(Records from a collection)

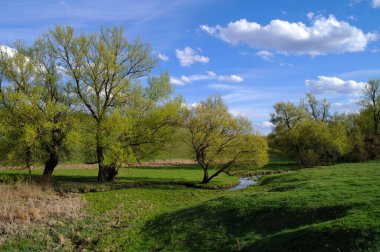 Güzel bir manzara Ağacı ve mavi gökyüzü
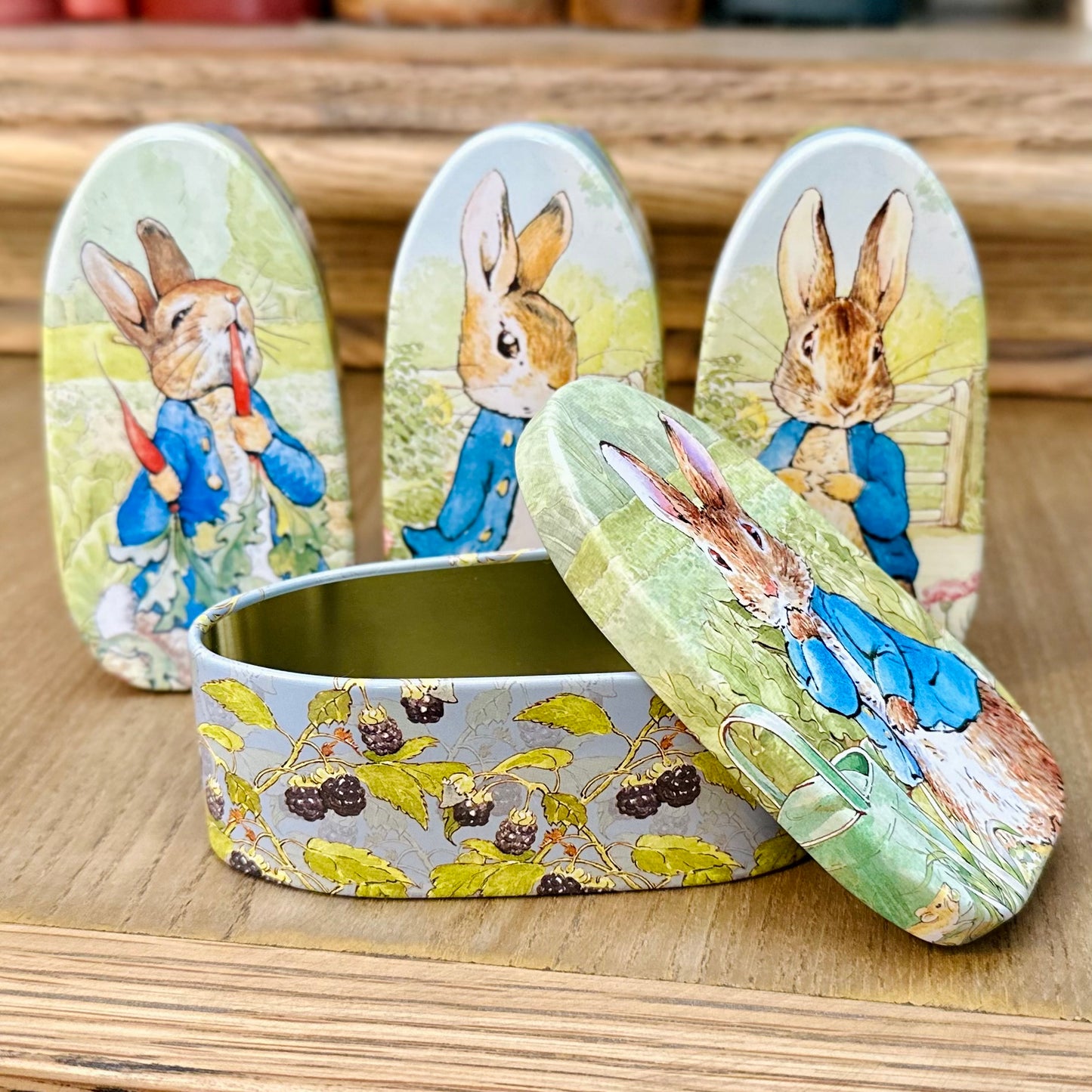 Peter Rabbit Character Collectable Tin- Small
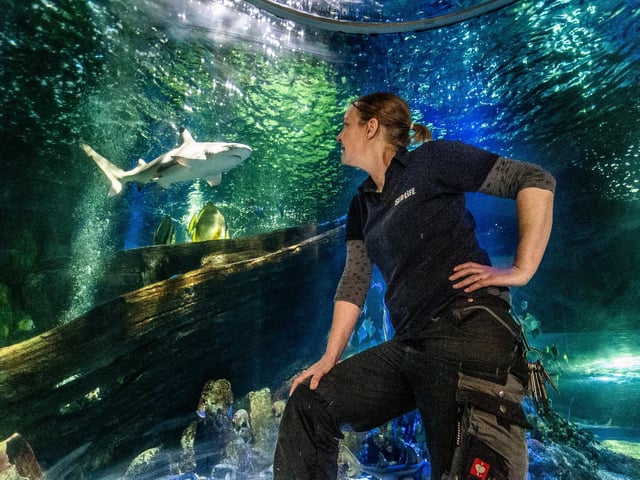 Lyndsey checks out a black tip reef shark.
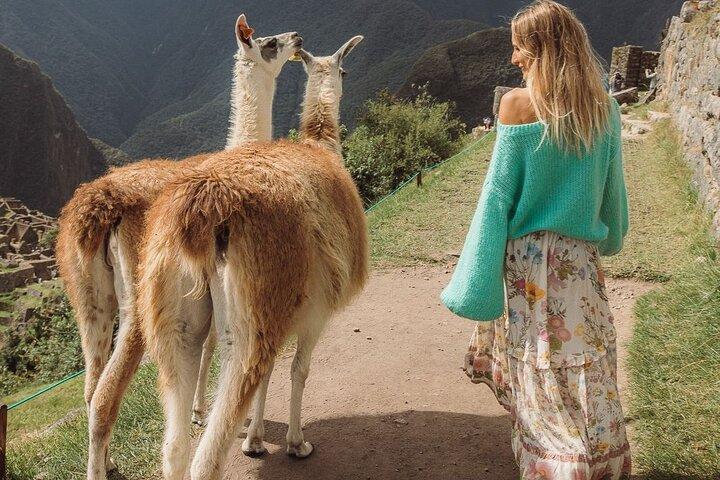 2-Day Tour Machu Picchu by Panoramic Train + Sacred Valley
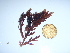  ( - GWS043895)  @11 [ ] Unspecified (default): All Rights Reserved  Unspecified Unspecified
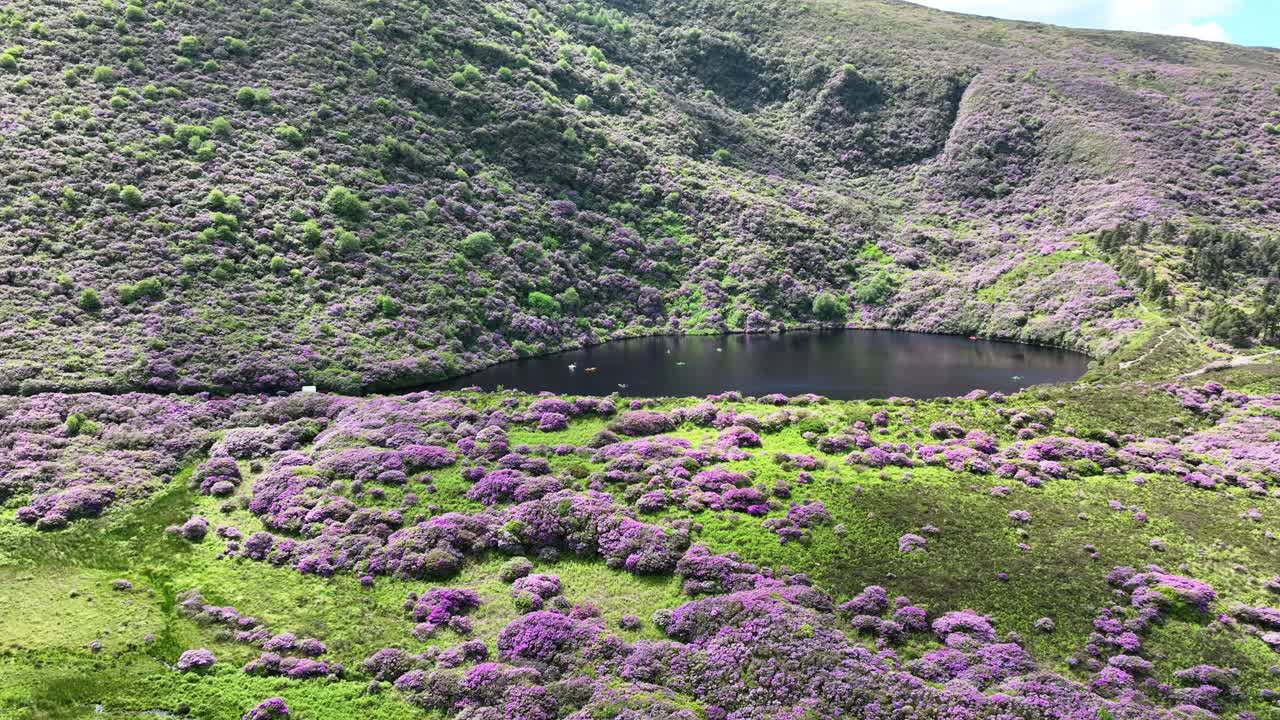 Ireland Epic locations drone flypast Bay lake surrounded by rhododendrons with people paddling on the lake,Knockmealdown mountain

Assignment:
For this exercise, transcribe the entries above exactly, without any pictures.

Solved problem:
 Güzel bir manzara Ağacı ve mavi gökyüzü
 Peter Rabbit Character Collectable Tin- Small
 Lyndsey checks out a black tip reef shark.
 2-Day Tour Machu Picchu by Panoramic Train + Sacred Valley
  ( - GWS043895)  @11 [ ] Unspecified (default): All Rights Reserved  Unspecified Unspecified
 Ireland Epic locations drone flypast Bay lake surrounded by rhododendrons with people paddling on the lake,Knockmealdown mountain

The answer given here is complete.